Senate Agriculture Committee Chairwoman Debbie Stabenow, D-Mich., is urging USDA to build on past reforms in the 2008 Farm Bill and crack down on fraud and abuse in agriculture programs. Stabenow says workers in her state get annual performance reviews and she believes the same standard should be applied to the government. She says that thought needs to go into ways to streamline services offered to make them more effective by cutting the red tape and paperwork producers shouldn't have to worry about.
Stabenow and Ranking Member Pat Roberts, R-Kan., appealed to USDA Under Secretaries for their help to reduce waste and duplication by consolidating dozens of farm programs.

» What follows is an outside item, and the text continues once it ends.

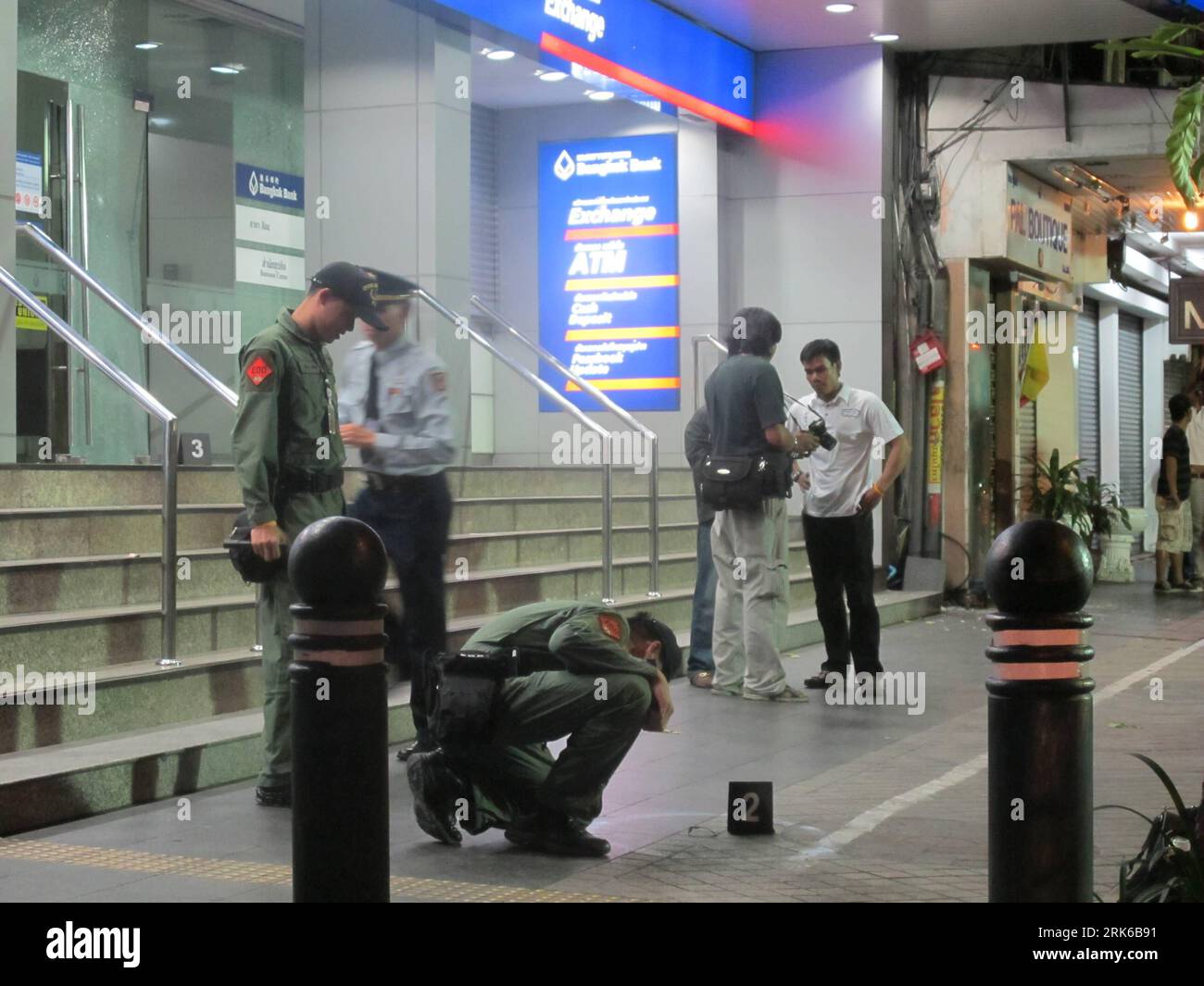 Bildnummer: 53822429  Datum: 27.02.2010  Copyright: imago/Xinhua (100227) -- BANGKOK, Feb. 27, 2010 (Xinhua) -- Police investigate an explosion case in front of a Bangkok Bank branch in central Bangkok, capital of Thailand, Feb. 27, 2010. A man on a motorcycle passed by and threw a hand grenade toward the branch bank at Silom road, Bangrak district, at about 9:30 p.m. on Saturday, but only hit the tree in front of the bank and exploded, leaving one person slightly injured. (Xinhua/Zhu Li) (gxr) (1)THAILAND-BANGKOK-EXPLOSION PUBLICATIONxNOTxINxCHN Explosion Thailand kbdig xsp 2010 quer o0 Bombe Stock Photo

"For instance we have some 20 different conservation programs; do we need 20," Stabenow said. "Can we create efficiencies, can we do things better in terms of streamlining. We want to know more about that. Rural Development – 40 different programs, do we need 40, can we bring them together, can we create more efficiencies. I would suggest that we can."
Stabenow also says funds need to be used to strengthen enforcement efforts in the food assistance program. She focused on the federal government's role in preventing fraud and abuse - noting that in the last six months - the Inspector General has conducted investigations and audits that led to 516 arrests, 249 convictions and $47.8 million in recoveries and restitutions. Stabenow says even more must be done to continue detecting and stopping abuse.
USDA undersecretaries outlined numerous efforts to stem program waste and abuse but Roberts questioned ways that they could be improved.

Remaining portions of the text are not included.